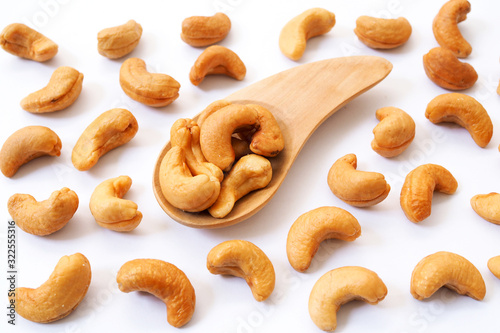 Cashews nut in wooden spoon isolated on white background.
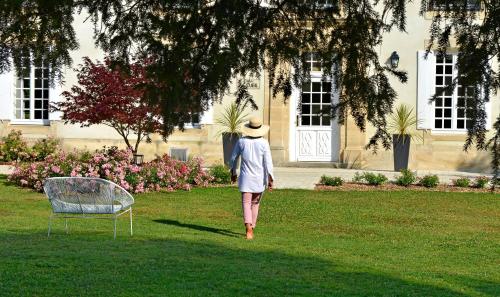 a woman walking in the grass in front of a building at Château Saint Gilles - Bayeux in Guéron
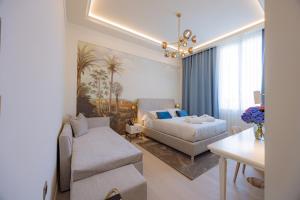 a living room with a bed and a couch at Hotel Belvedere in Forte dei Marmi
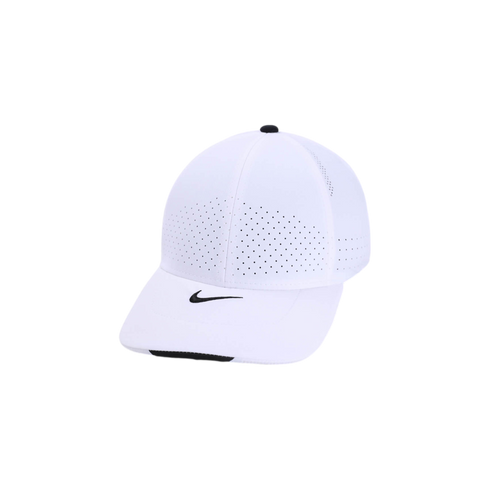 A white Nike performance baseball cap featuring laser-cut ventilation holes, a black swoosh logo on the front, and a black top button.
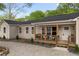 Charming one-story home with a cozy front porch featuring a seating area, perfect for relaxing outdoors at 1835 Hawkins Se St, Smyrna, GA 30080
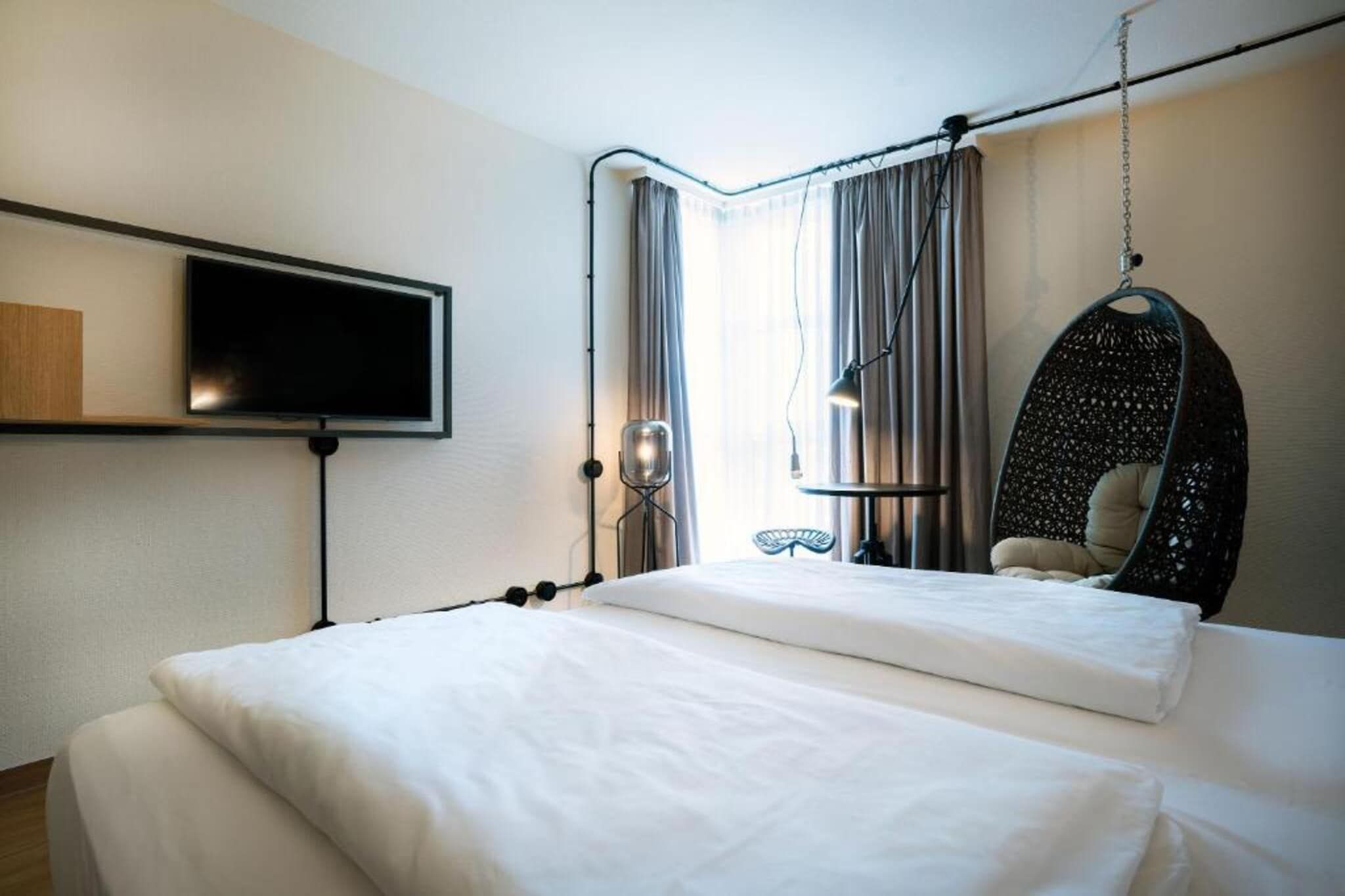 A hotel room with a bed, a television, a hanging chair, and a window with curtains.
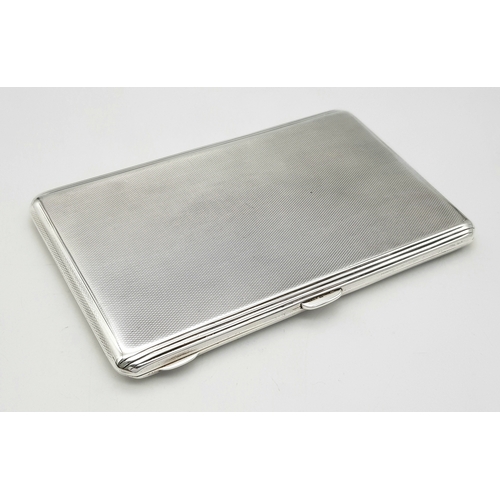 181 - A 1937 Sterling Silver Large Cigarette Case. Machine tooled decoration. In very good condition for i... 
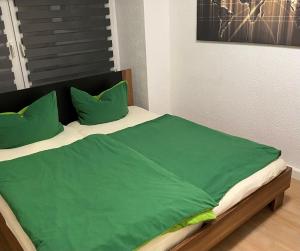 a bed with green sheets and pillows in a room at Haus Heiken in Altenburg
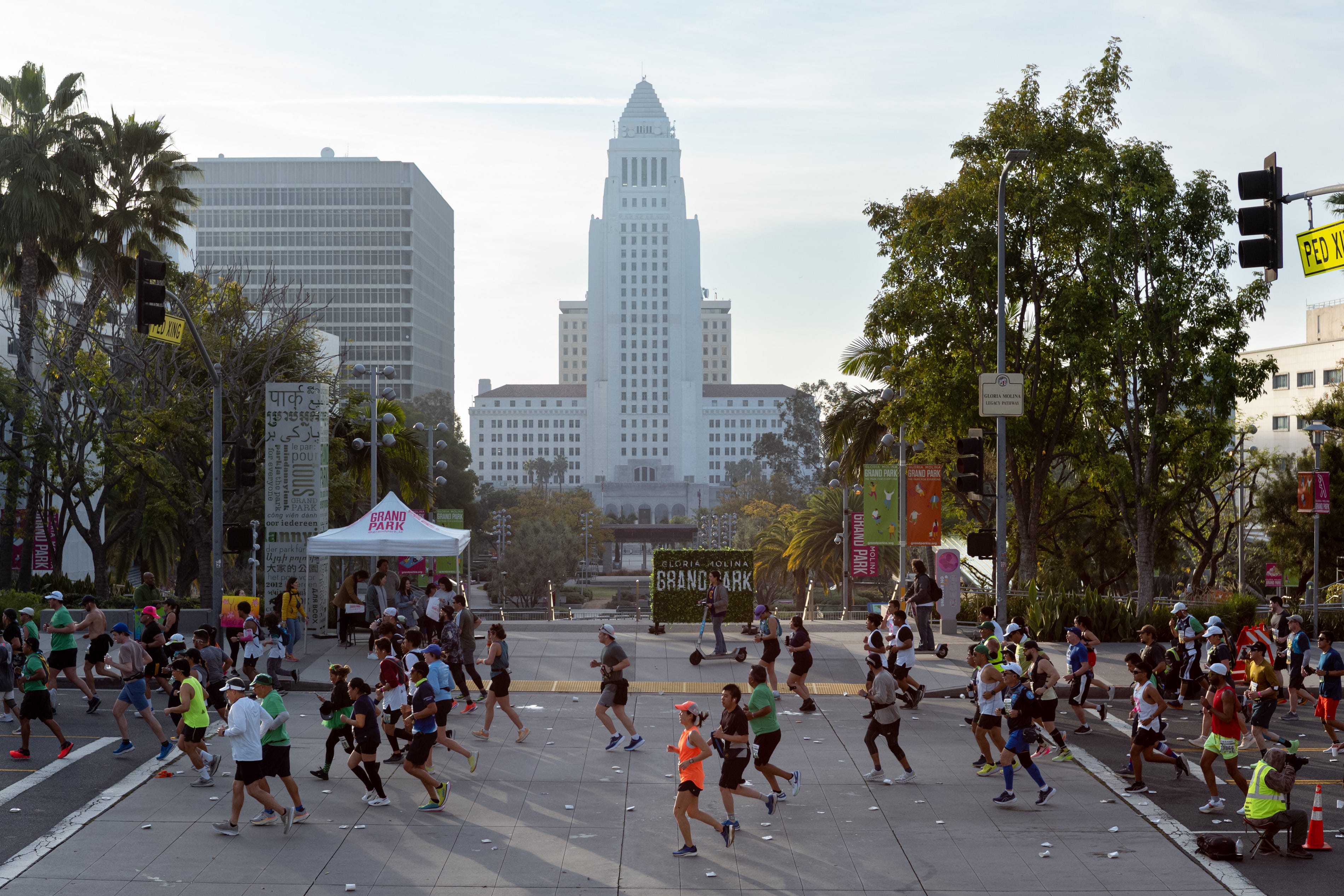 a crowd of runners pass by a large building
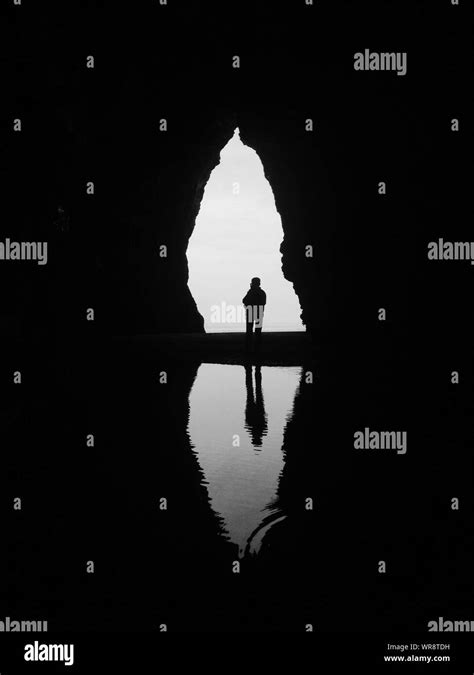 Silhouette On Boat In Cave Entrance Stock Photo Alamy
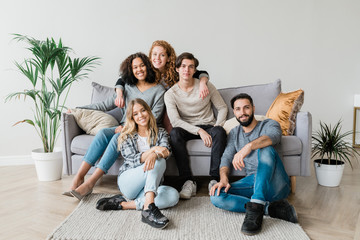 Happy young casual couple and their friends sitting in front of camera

┄┄┄┄┄┄┄┄┄┄┄┄┄┄┄┄┄┄┄┄

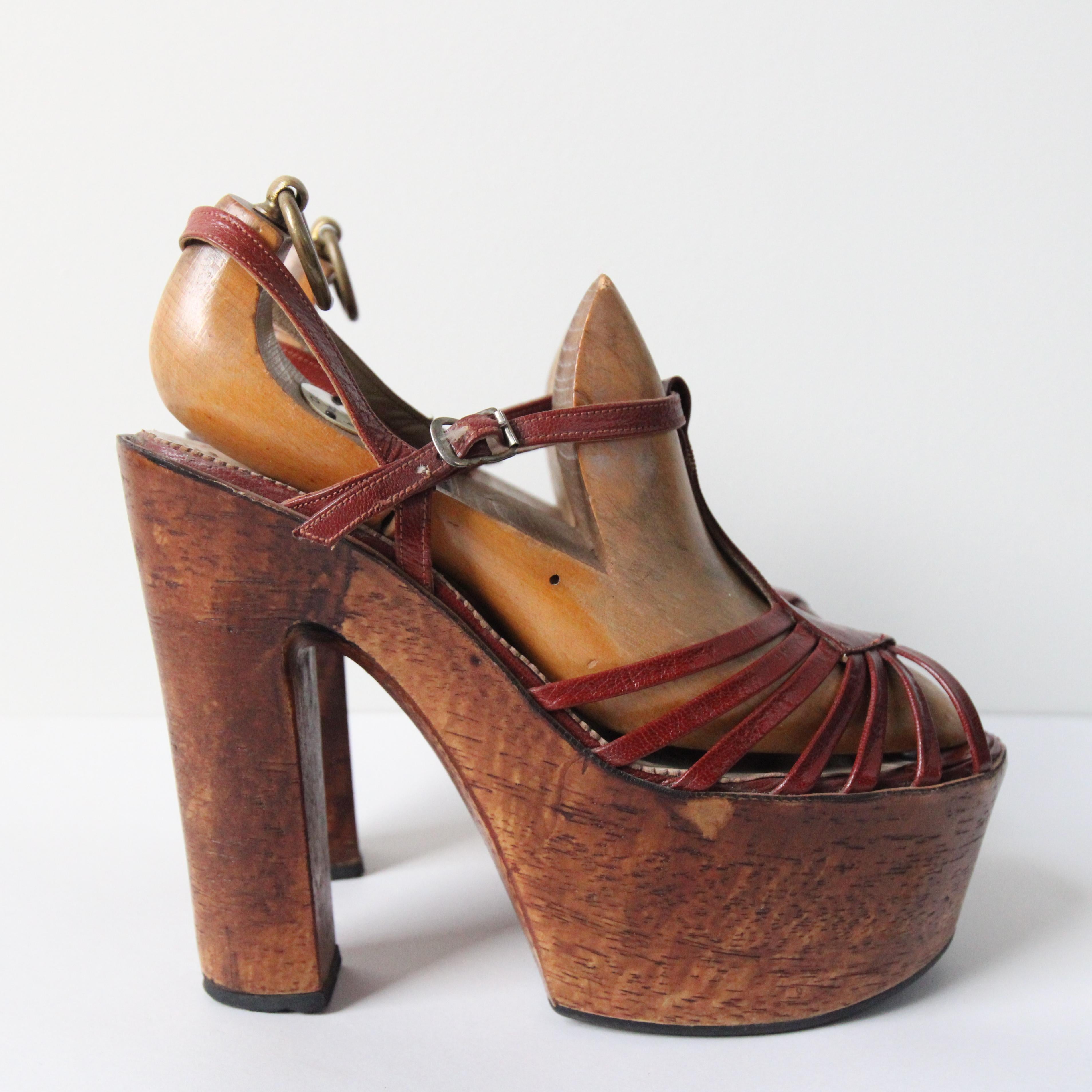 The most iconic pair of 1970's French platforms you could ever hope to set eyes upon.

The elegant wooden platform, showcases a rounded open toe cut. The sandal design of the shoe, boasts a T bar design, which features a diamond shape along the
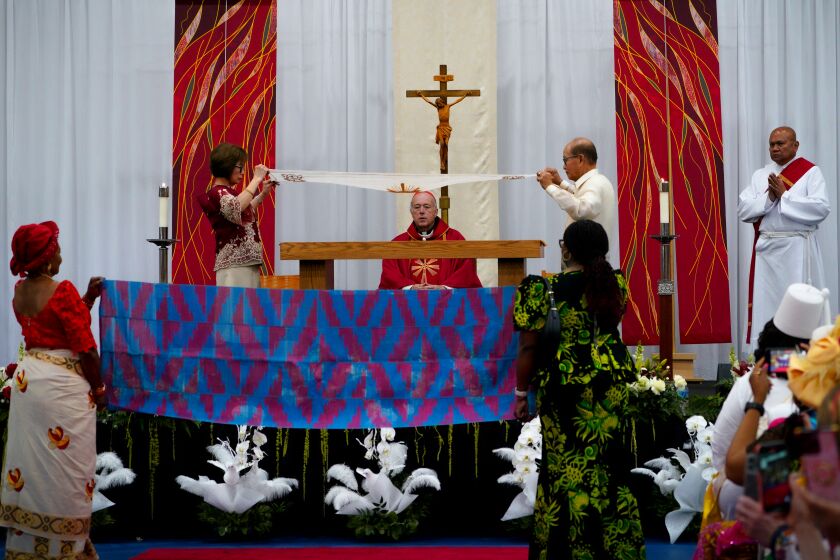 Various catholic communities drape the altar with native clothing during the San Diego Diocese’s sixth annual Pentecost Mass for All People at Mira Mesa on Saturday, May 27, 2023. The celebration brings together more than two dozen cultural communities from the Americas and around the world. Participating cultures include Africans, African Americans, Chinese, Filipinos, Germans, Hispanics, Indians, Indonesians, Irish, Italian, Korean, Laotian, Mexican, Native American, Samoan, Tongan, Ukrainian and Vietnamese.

┄┄┄┄┄┄┄┄┄┄┄┄┄┄┄┄┄┄┄┄

● What to produce: Return exactly the lines above, from the one with "Cashews nut in" up to and including the one with "Happy young casual", and include no pictures.

● Solution:
 Cashews nut in wooden spoon isolated on white background.
 a woman walking in the grass in front of a building at Château Saint Gilles - Bayeux in Guéron
 a living room with a bed and a couch at Hotel Belvedere in Forte dei Marmi
 A white Nike performance baseball cap featuring laser-cut ventilation holes, a black swoosh logo on the front, and a black top button.
 Charming one-story home with a cozy front porch featuring a seating area, perfect for relaxing outdoors at 1835 Hawkins Se St, Smyrna, GA 30080
 A hotel room with a bed, a television, a hanging chair, and a window with curtains.
 181 - A 1937 Sterling Silver Large Cigarette Case. Machine tooled decoration. In very good condition for i... 
 a bed with green sheets and pillows in a room at Haus Heiken in Altenburg
 a crowd of runners pass by a large building
 Silhouette On Boat In Cave Entrance Stock Photo Alamy
 Happy young casual couple and their friends sitting in front of camera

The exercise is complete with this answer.